Keep Your Family Healthy This Summer

In summertime, as they say, the livin’ is easy. But it can also be really, really hot. That’s why heat exhaustion and heat stroke are among the biggest summer dangers.

Know the signs

Watch yourself and your family for the warning signs. Early symptoms of heat exhaustion include lightheadedness and nausea. That’s an immediate clue to get out of the sun, go somewhere cool, and drink lots of fluids.

Sports drinks such as Gatorade do seem to be effective (even more so than water) because they have a scientifically developed amount of glucose to help speed the absorption of fluids. They also replenish minerals you lose when you sweat. Avoid highly caffeinated drinks such as Red Bull or Jolt, however, because the caffeine acts as a diuretic.

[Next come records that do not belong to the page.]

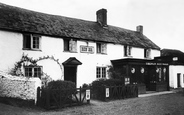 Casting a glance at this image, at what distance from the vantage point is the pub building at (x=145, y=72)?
54.7 ft

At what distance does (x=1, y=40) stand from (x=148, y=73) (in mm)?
15521

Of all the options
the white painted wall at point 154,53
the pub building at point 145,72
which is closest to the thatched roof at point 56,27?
the white painted wall at point 154,53

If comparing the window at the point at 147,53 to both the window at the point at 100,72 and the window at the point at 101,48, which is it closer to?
the window at the point at 101,48

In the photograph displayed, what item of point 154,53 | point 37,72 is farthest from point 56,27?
point 154,53

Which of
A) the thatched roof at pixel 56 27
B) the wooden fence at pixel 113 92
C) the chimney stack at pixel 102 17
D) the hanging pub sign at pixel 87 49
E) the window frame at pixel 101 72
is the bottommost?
the wooden fence at pixel 113 92

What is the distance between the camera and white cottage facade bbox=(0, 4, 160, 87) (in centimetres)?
1334

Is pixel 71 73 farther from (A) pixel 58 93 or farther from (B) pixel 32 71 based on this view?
(A) pixel 58 93

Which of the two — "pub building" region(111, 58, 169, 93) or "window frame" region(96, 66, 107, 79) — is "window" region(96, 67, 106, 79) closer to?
"window frame" region(96, 66, 107, 79)

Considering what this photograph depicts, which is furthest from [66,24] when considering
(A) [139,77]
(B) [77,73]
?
(A) [139,77]

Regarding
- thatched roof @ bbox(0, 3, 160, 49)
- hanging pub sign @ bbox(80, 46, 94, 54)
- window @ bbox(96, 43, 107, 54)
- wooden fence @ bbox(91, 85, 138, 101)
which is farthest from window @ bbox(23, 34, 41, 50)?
window @ bbox(96, 43, 107, 54)

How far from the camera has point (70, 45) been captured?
16359 millimetres

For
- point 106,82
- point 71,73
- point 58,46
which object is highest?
point 58,46

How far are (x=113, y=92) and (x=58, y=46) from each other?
6.99 metres

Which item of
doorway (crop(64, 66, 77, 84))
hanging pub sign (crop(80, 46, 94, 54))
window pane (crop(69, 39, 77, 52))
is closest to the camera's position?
doorway (crop(64, 66, 77, 84)) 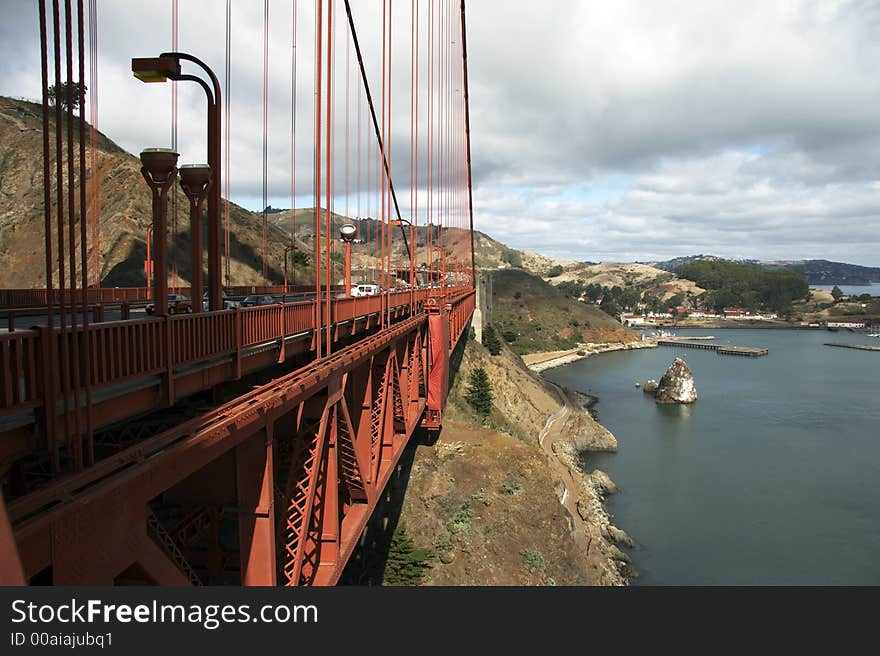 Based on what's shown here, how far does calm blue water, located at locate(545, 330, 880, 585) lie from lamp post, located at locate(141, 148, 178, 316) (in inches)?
962

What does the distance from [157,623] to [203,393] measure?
4.35 meters

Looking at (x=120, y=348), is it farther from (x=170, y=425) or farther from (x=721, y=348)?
(x=721, y=348)

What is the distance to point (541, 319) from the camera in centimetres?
10819

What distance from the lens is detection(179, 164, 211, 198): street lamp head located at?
25.5ft

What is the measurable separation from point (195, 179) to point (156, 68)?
135 centimetres

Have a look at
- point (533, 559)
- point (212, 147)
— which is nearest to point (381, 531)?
point (533, 559)

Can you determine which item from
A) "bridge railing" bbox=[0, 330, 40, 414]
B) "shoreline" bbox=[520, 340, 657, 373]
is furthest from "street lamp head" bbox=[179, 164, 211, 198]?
"shoreline" bbox=[520, 340, 657, 373]

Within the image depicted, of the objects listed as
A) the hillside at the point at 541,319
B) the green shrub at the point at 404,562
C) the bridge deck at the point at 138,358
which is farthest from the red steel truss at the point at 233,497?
the hillside at the point at 541,319

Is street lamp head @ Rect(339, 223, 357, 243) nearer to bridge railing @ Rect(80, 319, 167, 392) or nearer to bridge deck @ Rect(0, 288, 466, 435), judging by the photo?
bridge deck @ Rect(0, 288, 466, 435)

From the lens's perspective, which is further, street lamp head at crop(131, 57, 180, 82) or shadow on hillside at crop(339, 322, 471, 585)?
shadow on hillside at crop(339, 322, 471, 585)

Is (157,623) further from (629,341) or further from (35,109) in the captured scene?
(629,341)

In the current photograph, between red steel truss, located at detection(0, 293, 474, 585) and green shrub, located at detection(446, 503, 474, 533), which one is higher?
red steel truss, located at detection(0, 293, 474, 585)

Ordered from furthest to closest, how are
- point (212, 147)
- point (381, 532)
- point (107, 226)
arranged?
1. point (107, 226)
2. point (381, 532)
3. point (212, 147)

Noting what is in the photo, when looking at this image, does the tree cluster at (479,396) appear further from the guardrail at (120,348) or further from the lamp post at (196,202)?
the guardrail at (120,348) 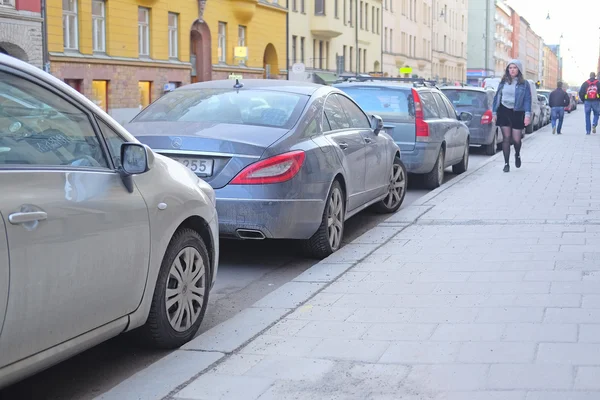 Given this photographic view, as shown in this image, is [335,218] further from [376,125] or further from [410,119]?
[410,119]

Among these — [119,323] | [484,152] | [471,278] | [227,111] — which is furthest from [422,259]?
[484,152]

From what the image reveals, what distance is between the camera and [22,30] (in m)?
26.8

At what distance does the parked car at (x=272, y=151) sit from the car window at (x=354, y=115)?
27mm

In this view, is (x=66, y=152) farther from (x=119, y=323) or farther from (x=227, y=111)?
(x=227, y=111)

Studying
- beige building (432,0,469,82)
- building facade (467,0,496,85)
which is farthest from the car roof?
building facade (467,0,496,85)

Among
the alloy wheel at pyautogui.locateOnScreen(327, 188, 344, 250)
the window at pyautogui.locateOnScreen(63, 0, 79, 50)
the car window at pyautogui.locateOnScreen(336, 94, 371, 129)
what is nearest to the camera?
the alloy wheel at pyautogui.locateOnScreen(327, 188, 344, 250)

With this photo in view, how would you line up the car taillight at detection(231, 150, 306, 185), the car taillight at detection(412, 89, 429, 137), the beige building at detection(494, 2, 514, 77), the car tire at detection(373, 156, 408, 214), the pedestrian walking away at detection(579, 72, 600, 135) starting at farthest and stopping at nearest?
the beige building at detection(494, 2, 514, 77) → the pedestrian walking away at detection(579, 72, 600, 135) → the car taillight at detection(412, 89, 429, 137) → the car tire at detection(373, 156, 408, 214) → the car taillight at detection(231, 150, 306, 185)

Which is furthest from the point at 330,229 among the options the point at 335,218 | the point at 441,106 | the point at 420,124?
the point at 441,106

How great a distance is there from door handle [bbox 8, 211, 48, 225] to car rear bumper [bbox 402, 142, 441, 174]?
31.2ft

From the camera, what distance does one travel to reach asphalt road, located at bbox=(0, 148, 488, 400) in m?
4.65

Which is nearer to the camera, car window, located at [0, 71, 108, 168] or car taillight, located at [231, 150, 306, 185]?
car window, located at [0, 71, 108, 168]

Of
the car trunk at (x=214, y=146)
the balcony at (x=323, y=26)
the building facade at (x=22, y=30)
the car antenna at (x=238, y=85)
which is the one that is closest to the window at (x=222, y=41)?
the balcony at (x=323, y=26)

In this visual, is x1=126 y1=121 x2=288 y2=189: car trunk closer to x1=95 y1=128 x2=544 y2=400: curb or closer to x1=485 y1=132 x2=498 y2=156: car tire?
x1=95 y1=128 x2=544 y2=400: curb

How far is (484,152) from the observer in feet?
74.2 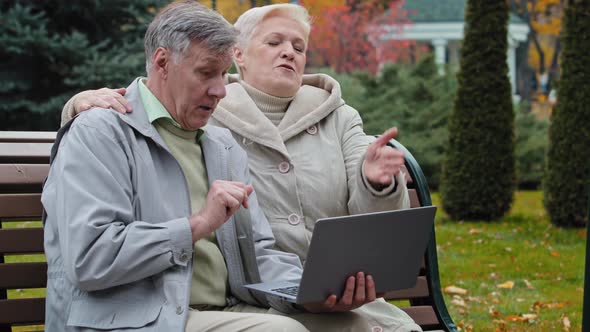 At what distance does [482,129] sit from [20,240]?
8801mm

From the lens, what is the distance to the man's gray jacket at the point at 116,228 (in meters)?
2.63

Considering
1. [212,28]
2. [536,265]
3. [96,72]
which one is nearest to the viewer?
[212,28]

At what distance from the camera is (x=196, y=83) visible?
289 cm

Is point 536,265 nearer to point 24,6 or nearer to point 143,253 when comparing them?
point 143,253

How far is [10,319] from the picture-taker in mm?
3146

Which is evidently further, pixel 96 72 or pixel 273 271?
pixel 96 72

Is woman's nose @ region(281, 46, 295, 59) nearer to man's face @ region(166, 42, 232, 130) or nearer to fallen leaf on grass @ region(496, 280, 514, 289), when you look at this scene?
man's face @ region(166, 42, 232, 130)

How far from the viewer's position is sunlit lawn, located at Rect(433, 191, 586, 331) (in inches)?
243

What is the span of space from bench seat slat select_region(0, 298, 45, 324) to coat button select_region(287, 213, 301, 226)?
0.92 meters

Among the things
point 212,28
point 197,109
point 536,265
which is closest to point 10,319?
point 197,109

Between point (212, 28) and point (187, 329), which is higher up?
point (212, 28)

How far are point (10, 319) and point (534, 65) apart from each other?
35354 millimetres

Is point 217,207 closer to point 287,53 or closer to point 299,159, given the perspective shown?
point 299,159

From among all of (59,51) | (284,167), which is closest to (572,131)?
(59,51) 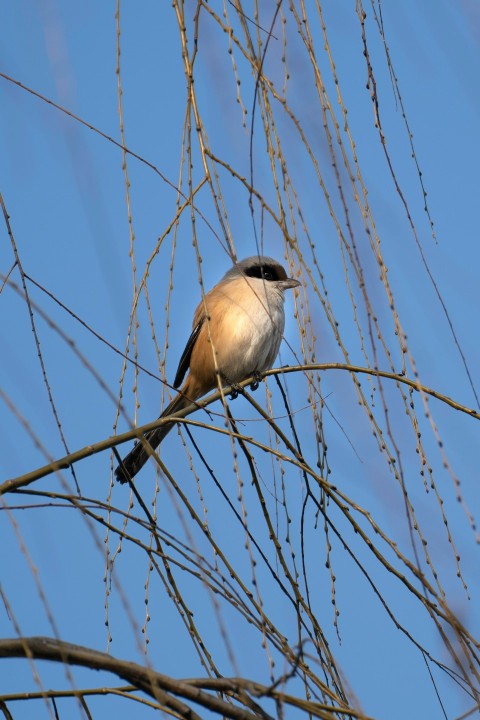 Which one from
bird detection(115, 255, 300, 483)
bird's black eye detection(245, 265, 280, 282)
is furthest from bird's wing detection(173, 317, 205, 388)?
bird's black eye detection(245, 265, 280, 282)

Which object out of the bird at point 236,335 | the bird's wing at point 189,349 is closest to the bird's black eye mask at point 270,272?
the bird at point 236,335

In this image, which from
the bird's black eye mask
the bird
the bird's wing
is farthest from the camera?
the bird's wing

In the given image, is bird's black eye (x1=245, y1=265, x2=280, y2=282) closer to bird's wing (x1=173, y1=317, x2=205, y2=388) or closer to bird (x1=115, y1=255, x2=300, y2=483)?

The second stage of heat exhaustion is vomiting. At that point, you need to seek medical attention, either through the emergency room or a walk-in clinic. In the most serious stage (heat stroke), body temperature rises, and the level of consciousness declines. An immediate call to 911 should be placed for anyone in this very dangerous condition.

Watch the baby

Keep a close eye on babies in the heat. Infants are highly vulnerable to temperature extremes because their heat regulation systems aren’t fully developed. So while an adult may just feel uncomfortable, a baby can get dangerously hot very quickly.

Monitor how your baby is doing in the heat (even in the car or in a stroller), and make sure she or he gets plenty of fluids. Since babies can’t tell us how they’re feeling, it’s important to check on them frequently for signs of overheating or dehydration.

Stay hydrated

People of all ages should make sure to drink plenty of fluids when they’re out in the heat. (And no, a cold beer doesn’t count. Alcohol also acts as a diuretic.) Stay ahead of the game by drinking water or sports drinks even when you’re not thirsty. By the time you feel thirsty, you’re already partially dehydrated.


So have fun this summer. Just stay aware of the heat and your family’s reaction to it—so you can enjoy the summer weather and still avoid the doctor’s office.